California Library Ends Net Filtering

The Kern County Board of Supervisors, under threat of an imminent free-speech lawsuit, agrees to stop filtering content on its libraries' Internet terminals.

A California county board, facing the threat of a First Amendment lawsuit from the American Civil Liberties Union, has voted to reverse its policy of filtering Internet content for all patrons and offer an uncensored view to all patrons, both adults and children.

ACLU staff attorney Ann Beeson called the Kern County Board of Supervisors' Tuesday night decision "a complete victory." The ACLU last weekend threatened to file a federal lawsuit against the board unless it lifted its tight restrictions on Net surfing in county libraries in Bakersfield and other communities.

Under a policy passed in 1996, content on library Net terminals was filtered through Seattle-based N2H2's Bess software.

Under the new policy, all 18 library branches will now have at least two Net terminals - one filtered, one filter-free. Under a directive issued Tuesday that concluded with an emphatic "please unfilter your terminals immediately," both adults and children will have free run of the unfiltered terminals.

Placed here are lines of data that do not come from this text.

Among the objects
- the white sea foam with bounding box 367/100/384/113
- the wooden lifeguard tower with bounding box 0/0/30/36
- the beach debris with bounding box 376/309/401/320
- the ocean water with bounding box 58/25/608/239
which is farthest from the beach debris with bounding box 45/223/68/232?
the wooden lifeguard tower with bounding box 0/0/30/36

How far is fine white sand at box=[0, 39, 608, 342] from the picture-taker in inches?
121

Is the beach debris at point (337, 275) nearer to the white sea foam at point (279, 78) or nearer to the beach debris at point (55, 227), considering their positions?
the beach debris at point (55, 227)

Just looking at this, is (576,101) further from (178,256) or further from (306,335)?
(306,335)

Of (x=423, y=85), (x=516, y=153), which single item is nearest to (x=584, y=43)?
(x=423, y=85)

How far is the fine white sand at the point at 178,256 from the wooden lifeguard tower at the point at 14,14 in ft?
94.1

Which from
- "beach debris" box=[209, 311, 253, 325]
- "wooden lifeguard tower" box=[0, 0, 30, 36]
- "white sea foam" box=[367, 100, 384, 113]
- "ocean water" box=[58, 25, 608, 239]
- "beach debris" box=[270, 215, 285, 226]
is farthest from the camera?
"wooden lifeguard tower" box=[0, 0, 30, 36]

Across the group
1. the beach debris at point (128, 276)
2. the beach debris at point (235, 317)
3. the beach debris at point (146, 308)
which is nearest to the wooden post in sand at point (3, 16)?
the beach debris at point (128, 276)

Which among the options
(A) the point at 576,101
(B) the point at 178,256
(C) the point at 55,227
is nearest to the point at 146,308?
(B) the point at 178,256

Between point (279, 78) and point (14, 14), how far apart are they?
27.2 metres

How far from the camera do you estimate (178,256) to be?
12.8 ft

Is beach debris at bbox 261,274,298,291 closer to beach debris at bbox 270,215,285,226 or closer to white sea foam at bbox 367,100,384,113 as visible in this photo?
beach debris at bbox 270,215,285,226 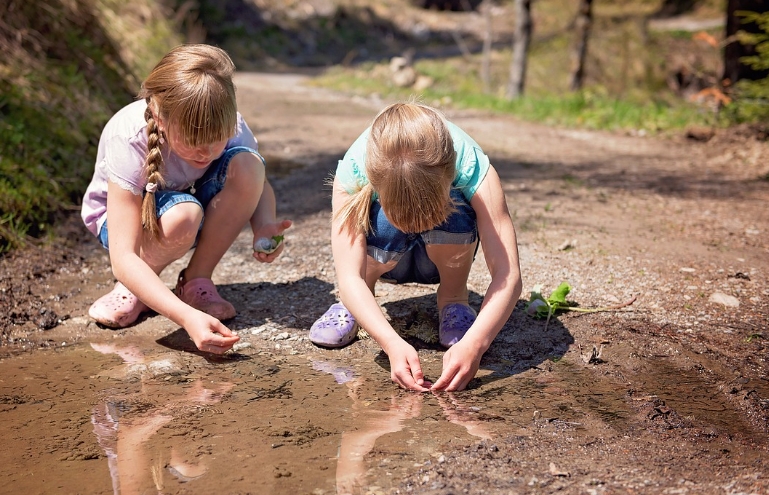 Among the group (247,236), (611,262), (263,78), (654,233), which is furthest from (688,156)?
(263,78)

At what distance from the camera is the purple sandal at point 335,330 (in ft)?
9.33

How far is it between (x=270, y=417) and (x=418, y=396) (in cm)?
46

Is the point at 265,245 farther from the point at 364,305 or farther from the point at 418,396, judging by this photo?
the point at 418,396

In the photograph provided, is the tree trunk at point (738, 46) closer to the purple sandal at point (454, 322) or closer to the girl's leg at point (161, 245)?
the purple sandal at point (454, 322)

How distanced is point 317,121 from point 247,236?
4.22 m

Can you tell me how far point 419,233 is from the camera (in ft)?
8.74

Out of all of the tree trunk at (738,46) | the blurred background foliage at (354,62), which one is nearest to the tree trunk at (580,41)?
the blurred background foliage at (354,62)

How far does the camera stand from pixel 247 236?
14.1 ft

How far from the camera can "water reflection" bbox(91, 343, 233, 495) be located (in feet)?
6.34

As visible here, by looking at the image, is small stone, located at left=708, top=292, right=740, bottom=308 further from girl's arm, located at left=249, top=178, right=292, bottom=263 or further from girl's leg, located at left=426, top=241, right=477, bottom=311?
girl's arm, located at left=249, top=178, right=292, bottom=263

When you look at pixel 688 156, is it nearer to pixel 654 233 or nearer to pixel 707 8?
pixel 654 233

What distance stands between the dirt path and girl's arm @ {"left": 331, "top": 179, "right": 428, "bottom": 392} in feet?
0.29

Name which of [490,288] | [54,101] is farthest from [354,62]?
[490,288]

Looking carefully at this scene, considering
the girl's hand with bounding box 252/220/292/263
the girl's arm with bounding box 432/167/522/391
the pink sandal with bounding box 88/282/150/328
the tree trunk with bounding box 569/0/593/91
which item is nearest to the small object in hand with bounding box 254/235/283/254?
the girl's hand with bounding box 252/220/292/263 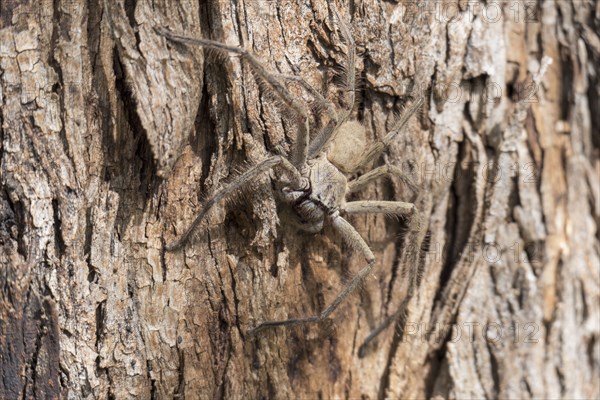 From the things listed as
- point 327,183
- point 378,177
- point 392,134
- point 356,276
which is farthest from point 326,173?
point 356,276

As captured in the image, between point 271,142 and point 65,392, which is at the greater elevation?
point 271,142

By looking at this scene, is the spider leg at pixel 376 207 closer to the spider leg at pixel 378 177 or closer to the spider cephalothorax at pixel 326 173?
the spider cephalothorax at pixel 326 173

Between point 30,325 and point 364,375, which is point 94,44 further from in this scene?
point 364,375

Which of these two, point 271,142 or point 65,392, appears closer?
point 65,392

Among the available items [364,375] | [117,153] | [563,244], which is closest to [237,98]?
[117,153]

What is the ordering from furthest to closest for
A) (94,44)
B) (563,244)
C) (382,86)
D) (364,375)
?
(563,244) → (364,375) → (382,86) → (94,44)

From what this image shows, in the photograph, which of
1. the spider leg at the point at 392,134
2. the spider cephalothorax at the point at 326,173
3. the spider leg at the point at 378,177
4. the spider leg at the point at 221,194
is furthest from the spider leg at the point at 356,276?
the spider leg at the point at 221,194
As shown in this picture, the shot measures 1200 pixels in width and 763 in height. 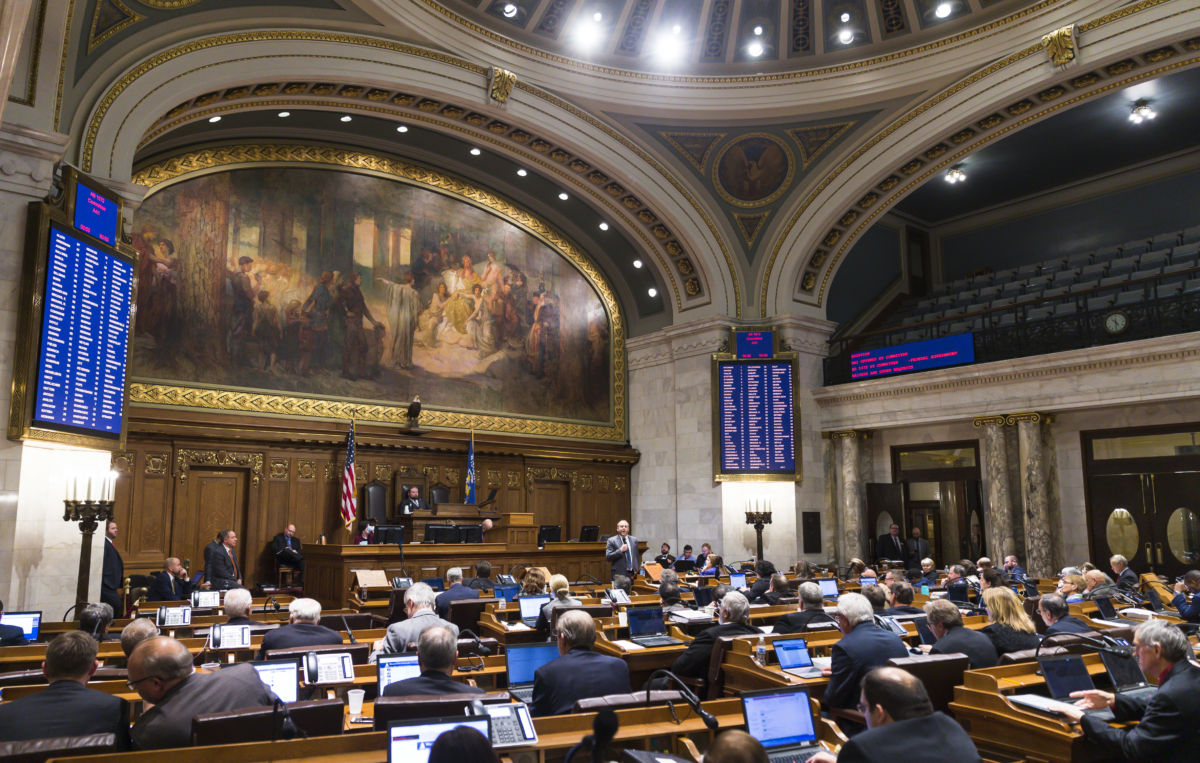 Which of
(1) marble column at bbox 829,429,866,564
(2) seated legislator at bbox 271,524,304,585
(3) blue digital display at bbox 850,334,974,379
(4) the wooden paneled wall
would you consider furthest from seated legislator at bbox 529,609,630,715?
(1) marble column at bbox 829,429,866,564

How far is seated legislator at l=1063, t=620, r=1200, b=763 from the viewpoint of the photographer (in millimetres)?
3643

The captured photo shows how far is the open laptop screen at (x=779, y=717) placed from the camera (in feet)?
12.6

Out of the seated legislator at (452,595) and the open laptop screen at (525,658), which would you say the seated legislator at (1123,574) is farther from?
the open laptop screen at (525,658)

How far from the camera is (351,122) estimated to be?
1598cm

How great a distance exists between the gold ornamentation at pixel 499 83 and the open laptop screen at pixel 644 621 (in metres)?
10.7

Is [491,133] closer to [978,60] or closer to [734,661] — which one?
[978,60]

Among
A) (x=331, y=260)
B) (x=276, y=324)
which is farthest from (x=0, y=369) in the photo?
(x=331, y=260)

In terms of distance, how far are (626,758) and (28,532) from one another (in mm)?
9052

Beeson was especially pleased that the county's agreement applies to everyone who uses the Kern County libraries, not just adults.

"The crucial point," she said, "is that all patrons get to decide what they want to see."

Pete Parra, chairman of the county board, said the change in policy was driven by the conclusion that no technology is available to accomplish the intent of the 1996 policy: to black out sexually explicit material in a way "consistent with constitutional principles."

"Most of this software is for home use, so you don't have a First Amendment issue," Parra said. "For public libraries, a First Amendment issue arises. There's no software we've seen that can distinguish Internet sites and block just sexually explicit material."

He added: "Hopefully, the technology will develop, and we'll still look at it."